[BioRuby] GFF attributes
Naohisa GOTO
ngoto at gen-info.osaka-u.ac.jp
Wed Sep 24 14:05:26 UTC 2008
Hi,
In my github repository, I've made incompatible changes
in Bio::GFF::GFF2 and Bio::GFF::GFF3 classes.
Now, attributes are stored as an Array containing
[ tag, value ] pairs, for example,
[ [ 'Gene', 'CEN1' ], [ 'E_value', '0.0003' ],
[ 'Note', 'CEN1; Chromosome I Centromere' ] ].
To get an attribute, it is recommended to use a new method
Record#arrtibute(tag) and so on.
String escaping in free text is automatically processed.

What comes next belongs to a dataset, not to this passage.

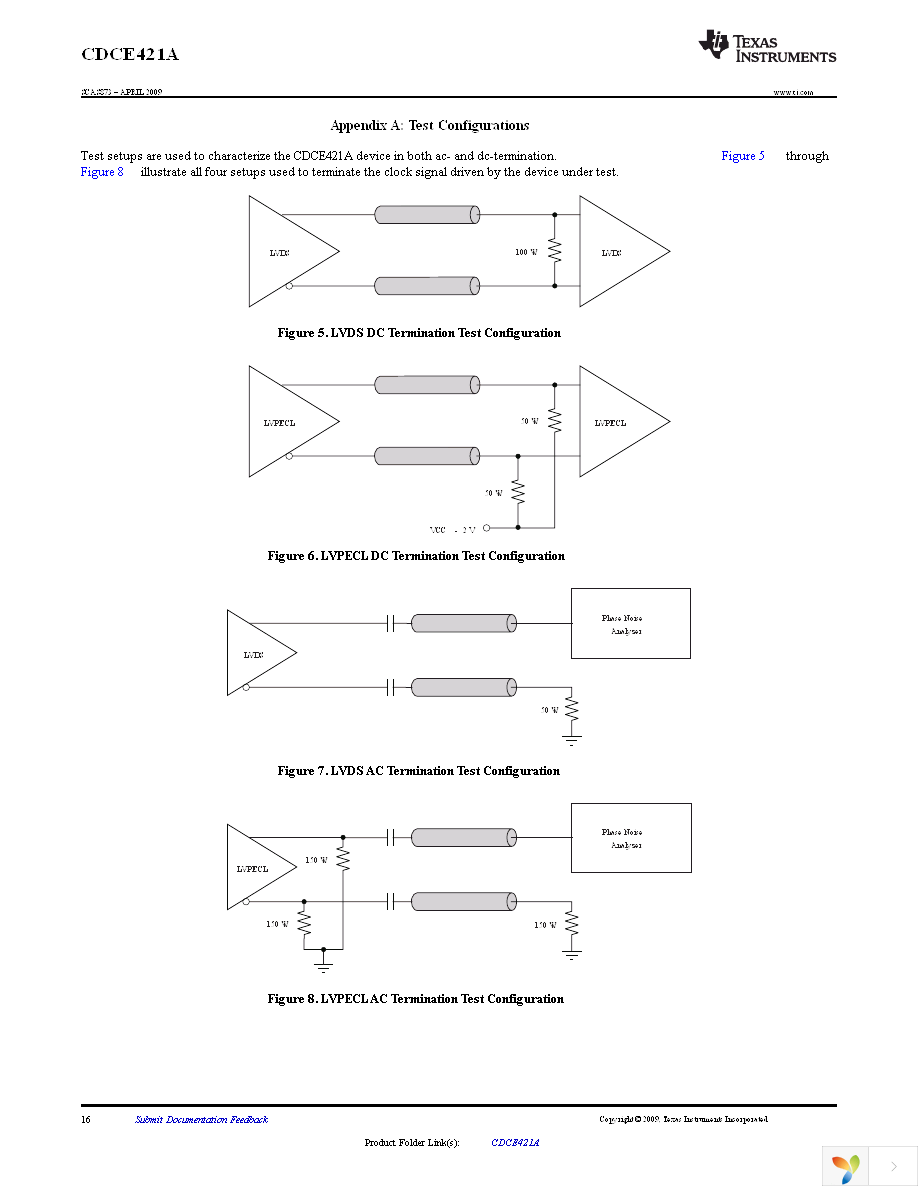 CDCE421ARGET Page 16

In addition, GFF2 attribute value with multiple tokens
e.g. 'Target "HBA_HUMAN" 11 55' are parsed to
Bio::GFF::GFF2::Record::Value object. (Note that a value
with single token is still a String).
To keep backward compatibility, the specification of
Bio::GFF is not so changed except for bug fix.

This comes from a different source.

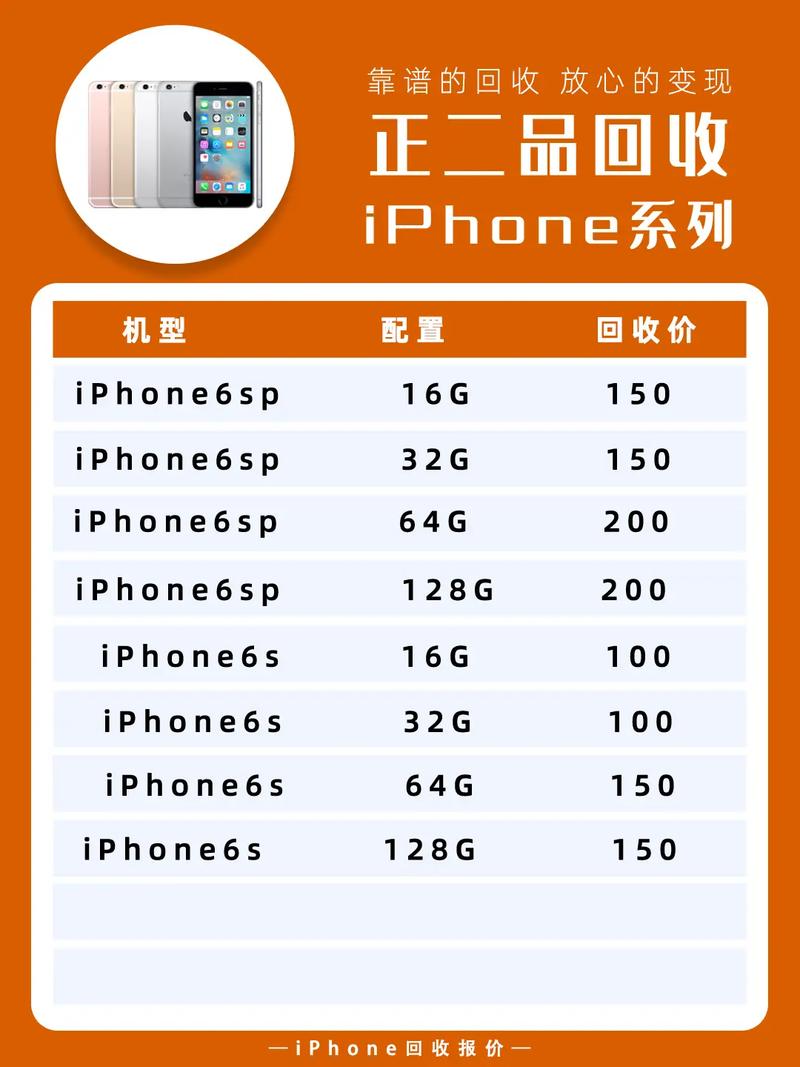 苹果6个人收藏数量上限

To use new feature, Bio::GFF::GFF2 or Bio::GFF::GFF3
should be explicitly used.
For more details, please see
http://github.com/ngoto/bioruby/commit/95391949d217e6f7c9ee7444afebec6ee8677035
If no problems are found, it will be included in the main
bioruby repository.
Naohisa Goto
ngoto at gen-info.osaka-u.ac.jp / ng at bioruby.org
On Wed, 17 Sep 2008 12:56:19 +0900
Naohisa GOTO <ngoto at gen-info.osaka-u.ac.jp> wrote:
> Hi,
>
> On Thu, 11 Sep 2008 11:34:36 +0900
> Tomoaki NISHIYAMA <tomoakin at kenroku.kanazawa-u.ac.jp> wrote:
>
> > Hi
> >
> > > To prevent repeating the bug, I want to use the GFF string
> > > described in your mail for the test script in BioRuby.
> > > (test/unit/bio/db/test_gff.rb)
> > > Can you give permission?
> >
> > Surely, I have no objection.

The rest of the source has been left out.